_Source material_
********************
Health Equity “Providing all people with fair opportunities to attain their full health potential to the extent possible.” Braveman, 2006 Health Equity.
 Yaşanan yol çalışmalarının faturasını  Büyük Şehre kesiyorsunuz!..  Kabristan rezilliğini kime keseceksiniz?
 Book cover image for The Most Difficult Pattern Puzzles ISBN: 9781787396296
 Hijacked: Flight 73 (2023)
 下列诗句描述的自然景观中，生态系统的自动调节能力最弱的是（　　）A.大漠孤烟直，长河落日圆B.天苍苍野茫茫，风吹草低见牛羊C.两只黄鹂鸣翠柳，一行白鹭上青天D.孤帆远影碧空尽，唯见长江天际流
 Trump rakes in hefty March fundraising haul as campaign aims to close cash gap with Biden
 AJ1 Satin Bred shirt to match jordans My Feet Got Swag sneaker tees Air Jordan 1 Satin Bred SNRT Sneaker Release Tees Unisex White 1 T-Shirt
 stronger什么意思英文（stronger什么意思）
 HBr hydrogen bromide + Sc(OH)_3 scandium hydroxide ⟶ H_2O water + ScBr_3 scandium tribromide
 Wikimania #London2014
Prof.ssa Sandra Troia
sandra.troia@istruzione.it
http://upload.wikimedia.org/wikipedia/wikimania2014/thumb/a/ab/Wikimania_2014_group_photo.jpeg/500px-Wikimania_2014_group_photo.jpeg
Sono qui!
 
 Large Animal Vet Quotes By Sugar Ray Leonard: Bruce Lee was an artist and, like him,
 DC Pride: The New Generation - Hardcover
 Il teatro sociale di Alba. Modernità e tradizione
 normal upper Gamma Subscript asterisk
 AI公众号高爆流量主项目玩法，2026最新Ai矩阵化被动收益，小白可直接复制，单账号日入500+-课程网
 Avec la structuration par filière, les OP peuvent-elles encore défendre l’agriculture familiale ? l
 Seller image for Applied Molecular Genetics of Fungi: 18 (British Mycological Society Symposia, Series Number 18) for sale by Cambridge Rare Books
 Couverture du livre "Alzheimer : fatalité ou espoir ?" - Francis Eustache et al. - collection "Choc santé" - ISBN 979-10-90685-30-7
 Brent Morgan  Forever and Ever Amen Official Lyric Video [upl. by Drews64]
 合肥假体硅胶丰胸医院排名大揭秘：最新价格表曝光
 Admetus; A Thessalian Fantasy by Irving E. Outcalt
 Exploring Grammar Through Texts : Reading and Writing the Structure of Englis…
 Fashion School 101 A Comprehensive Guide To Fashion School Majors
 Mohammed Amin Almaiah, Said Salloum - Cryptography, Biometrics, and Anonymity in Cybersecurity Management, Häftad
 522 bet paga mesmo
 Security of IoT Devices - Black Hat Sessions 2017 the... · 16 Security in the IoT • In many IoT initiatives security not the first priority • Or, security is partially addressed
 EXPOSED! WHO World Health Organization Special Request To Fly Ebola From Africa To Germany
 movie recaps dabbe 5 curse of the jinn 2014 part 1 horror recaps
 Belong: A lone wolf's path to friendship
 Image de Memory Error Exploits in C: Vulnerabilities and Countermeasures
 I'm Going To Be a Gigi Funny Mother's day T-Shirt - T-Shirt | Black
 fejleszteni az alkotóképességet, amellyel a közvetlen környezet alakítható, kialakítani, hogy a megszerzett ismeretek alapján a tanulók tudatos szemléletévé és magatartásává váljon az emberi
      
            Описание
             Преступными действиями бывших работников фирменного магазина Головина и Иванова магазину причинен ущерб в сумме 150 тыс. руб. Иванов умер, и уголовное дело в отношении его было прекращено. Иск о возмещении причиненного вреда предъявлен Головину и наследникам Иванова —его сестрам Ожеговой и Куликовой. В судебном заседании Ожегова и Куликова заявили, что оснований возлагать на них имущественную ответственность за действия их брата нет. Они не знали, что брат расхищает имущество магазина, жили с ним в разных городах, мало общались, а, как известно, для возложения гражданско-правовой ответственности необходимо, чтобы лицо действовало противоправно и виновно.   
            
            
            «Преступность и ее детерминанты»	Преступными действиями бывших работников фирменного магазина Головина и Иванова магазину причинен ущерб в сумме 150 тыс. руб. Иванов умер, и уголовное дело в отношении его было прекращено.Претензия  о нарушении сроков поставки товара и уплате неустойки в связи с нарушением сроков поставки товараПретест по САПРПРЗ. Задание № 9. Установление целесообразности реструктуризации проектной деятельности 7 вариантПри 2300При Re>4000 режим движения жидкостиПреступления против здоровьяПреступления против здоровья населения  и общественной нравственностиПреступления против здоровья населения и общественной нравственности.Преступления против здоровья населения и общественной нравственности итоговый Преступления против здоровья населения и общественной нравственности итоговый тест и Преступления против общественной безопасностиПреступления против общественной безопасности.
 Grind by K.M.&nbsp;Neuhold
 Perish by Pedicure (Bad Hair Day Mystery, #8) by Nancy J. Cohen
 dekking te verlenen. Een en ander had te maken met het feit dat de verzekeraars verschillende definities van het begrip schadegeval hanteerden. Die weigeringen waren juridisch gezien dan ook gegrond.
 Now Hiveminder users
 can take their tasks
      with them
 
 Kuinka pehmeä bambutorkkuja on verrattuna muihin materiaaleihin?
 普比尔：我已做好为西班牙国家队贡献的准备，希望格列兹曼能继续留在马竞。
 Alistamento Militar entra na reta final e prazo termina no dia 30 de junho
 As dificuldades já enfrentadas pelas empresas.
********************
_Exercise directions_
Nothing but the lines from the first line of the listing above through the line holding "normal upper Gamma Subscript asterisk" should be reproduced, and each must match exactly.

_Solution to the exercise_
Health Equity “Providing all people with fair opportunities to attain their full health potential to the extent possible.” Braveman, 2006 Health Equity.
 Yaşanan yol çalışmalarının faturasını  Büyük Şehre kesiyorsunuz!..  Kabristan rezilliğini kime keseceksiniz?
 Book cover image for The Most Difficult Pattern Puzzles ISBN: 9781787396296
 Hijacked: Flight 73 (2023)
 下列诗句描述的自然景观中，生态系统的自动调节能力最弱的是（　　）A.大漠孤烟直，长河落日圆B.天苍苍野茫茫，风吹草低见牛羊C.两只黄鹂鸣翠柳，一行白鹭上青天D.孤帆远影碧空尽，唯见长江天际流
 Trump rakes in hefty March fundraising haul as campaign aims to close cash gap with Biden
 AJ1 Satin Bred shirt to match jordans My Feet Got Swag sneaker tees Air Jordan 1 Satin Bred SNRT Sneaker Release Tees Unisex White 1 T-Shirt
 stronger什么意思英文（stronger什么意思）
 HBr hydrogen bromide + Sc(OH)_3 scandium hydroxide ⟶ H_2O water + ScBr_3 scandium tribromide
 Wikimania #London2014
Prof.ssa Sandra Troia
sandra.troia@istruzione.it
http://upload.wikimedia.org/wikipedia/wikimania2014/thumb/a/ab/Wikimania_2014_group_photo.jpeg/500px-Wikimania_2014_group_photo.jpeg
Sono qui!
 
 Large Animal Vet Quotes By Sugar Ray Leonard: Bruce Lee was an artist and, like him,
 DC Pride: The New Generation - Hardcover
 Il teatro sociale di Alba. Modernità e tradizione
 normal upper Gamma Subscript asterisk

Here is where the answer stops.